Jean-Philippe Lustyk : « L’idée majeure était de raconter vingt-neuf combats »

Sa voix est sa marque de fabrique sur toutes les chaînes de télévision pour lesquelles il commente le noble art. Mais Jean-Philippe Lustyk est aussi un journaliste qui aime les mots couchés sur des pages comme en atteste son dernier ouvrage, « Le grand livre de la boxe »1.

Question un peu provocante : pourquoi encore un livre sur l’histoire de la boxe ?

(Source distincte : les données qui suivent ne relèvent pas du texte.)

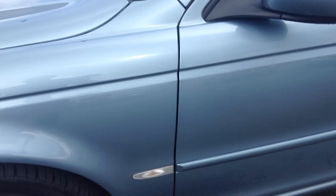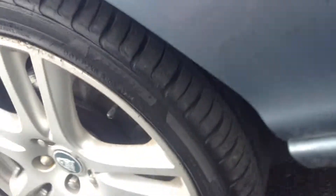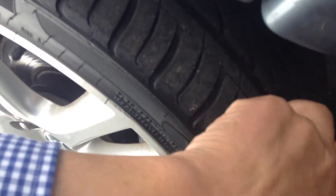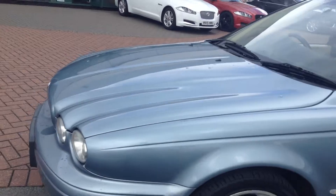Coming down the nearside of the car — again, there are one or two chips on these doors and a couple of faint scratches. Nothing serious, I've got to say. For 120,000 miles, this car is exceptionally clean on the outside, but it will obviously need some preparation work. Looking at that nearside front wheel — great tyre depth, probably six millimetres on there, and that wheel will require a refurbishment. So all four wheels on this car will need to be refurbished.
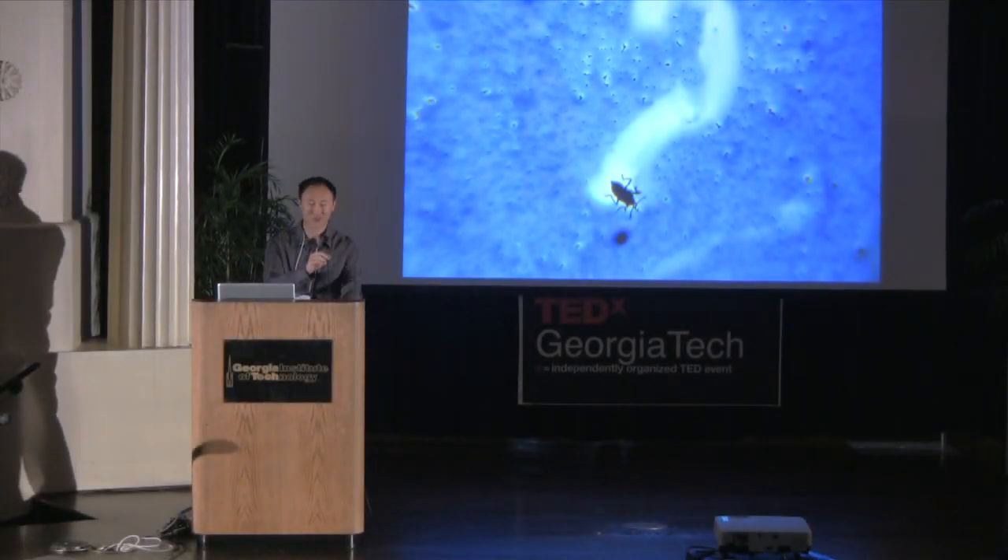Thank you to the organizers for this very exciting day of talks. We've mostly seen recent technological innovations. Today I'll be talking about innovations that are about 100 million years old. In particular, I want to talk about how animals stay dry to stay alive.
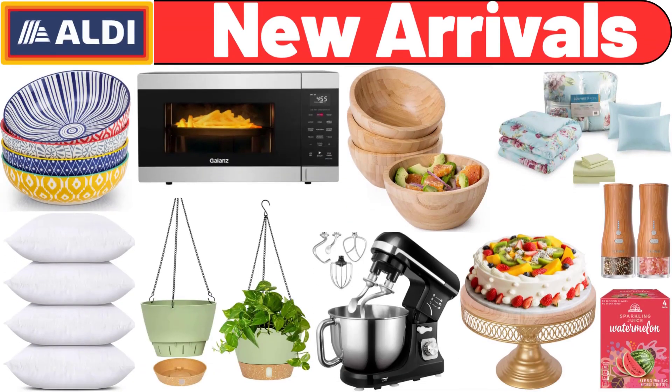Hello everyone, let's take a look together at the discounted products at Aldi Market.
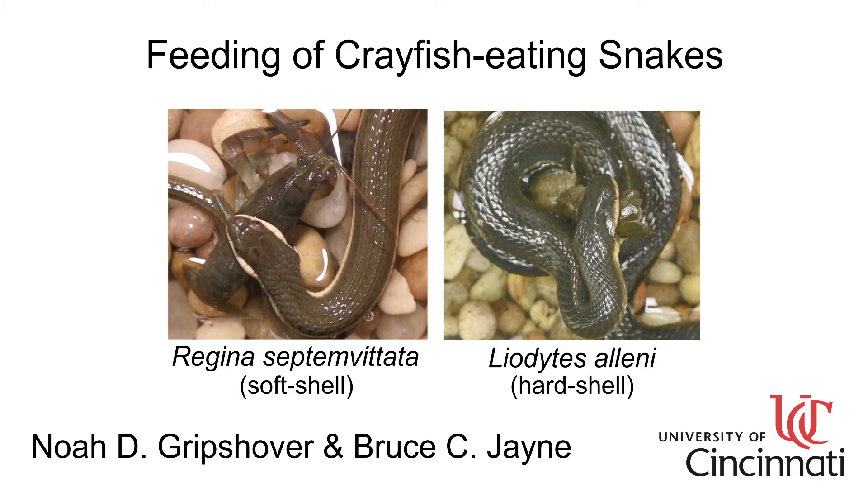Although crustaceans are formidable prey, the two snake species in this video eat crayfish. One exclusively eats soft-shell crayfish, and the other primarily eats hard-shell crayfish.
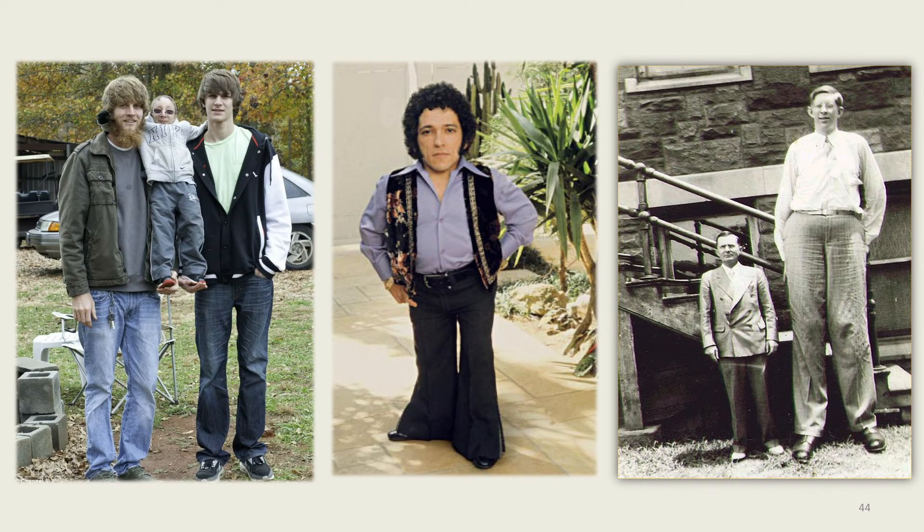Sporadic genetic disease is not inherited from parents or acquired, but comes from unidentifiable genetic mutations. Examples of sporadic mutation are shown in this series of photographs. The first two photos show different types of dwarfism, and the third photo shows an example of giantism.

Je n’avais pas le projet de l’écrire, sachant que c’est un investissement personnel, aussi bien en temps qu’intellectuellement. Mais je me suis laissé séduire par les éditeurs de Marabout qui sont passionnés par la boxe. J’ai senti chez eux une ambition. A partir de là, nous avons réfléchi à ce qu’il serait possible de faire qui soit différent de ce qui existe déjà. L’idée majeure était de raconter vingt-neuf combats, à chaque fois sur une double page. On sait, en effet, que la boxe, quelle que soit sa période historique, ce sont des face-à-face avec une histoire, un lieu, des palmarès etc. Ce sont ces duels que j’ai voulu mettre en valeur tout au long de l’ouvrage, ce qui, à ma connaissance, n’existe dans aucun autre livre de boxe paru en France. C’est avant tout en cela que celui-ci est original. La maquette l’est tout autant, avec une couleur dominante, le jaune et non pas, comme traditionnellement, le rouge qui est fréquemment choisi parce que c’est la couleur du sang mais aussi, souvent, des gants.

S’agit-il d’une encyclopédie du noble art ?

Oui et non. Oui parce que je pense que le livre comporte les éléments majeurs de l’Histoire de ce sport. Non parce que je n’ai pas la prétention d’avoir écrit un ouvrage dans lequel on trouverait tout sur la boxe. Cela eut été possible mais eut nécessité un travail de plusieurs années avec, à la clef, plusieurs tomes et un bon millier de pages. Cependant, je ne pense pas que c’eut été la démarche la plus pertinente vis-à-vis du lecteur. Le but était plutôt de lui donner à voir l’essentiel de la discipline. Et puis, j’ai voulu faire un livre personnel dans la mesure où 30 % de son contenu porte sur les trente dernières années et sur des évènements que, pour la plupart, j’ai vécus en tant que journaliste. J’en ai été le témoin et, pour chacun d’eux, j’avais constitué un dossier que j’avais précieusement conservé.

« Il était essentiel de replacer la boxe dans son temps »

Il y a aussi la volonté, comme en atteste les titre des chapitres (« La Belle Époque », « La Grande Dépression », « Les années Reagan », « On a marché la Lune »…), de toujours rattacher l’histoire de la boxe à l’Histoire tout court…

La boxe a notamment été le sport majeur des années vingt puis des années cinquante. Certes, mon ambition n’était pas d’écrire un essai de sociologie. En revanche, il était essentiel de replacer la boxe dans son temps, sachant que le livre est divisé en huit périodes qui sont aussi, à mon sens, autant de périodes-clefs de l’histoire de la société.

Enfin, vous avez fait le choix de ne pas évoquer les drames survenus sur les rings…

J’y ai, dans un premier temps, pensé mais cela est vite sorti de mon esprit car la boxe se suffit à elle-même. Il y a ce danger qui rode en permanence. On le voit avec ces visages abimés et la violence des combats. On se doute que lorsque deux hommes ou femmes s’affrontent sur un ring, il peut y avoir des dégâts. Il ne m’a pas semblé nécessaire d’insister sur la tragédie inhérente à la boxe, laquelle est un sport sombre avec de la lumière.

1 « Le grand livre de la boxe », Jean-Philippe Lustyk, 256 pages, 35 euros.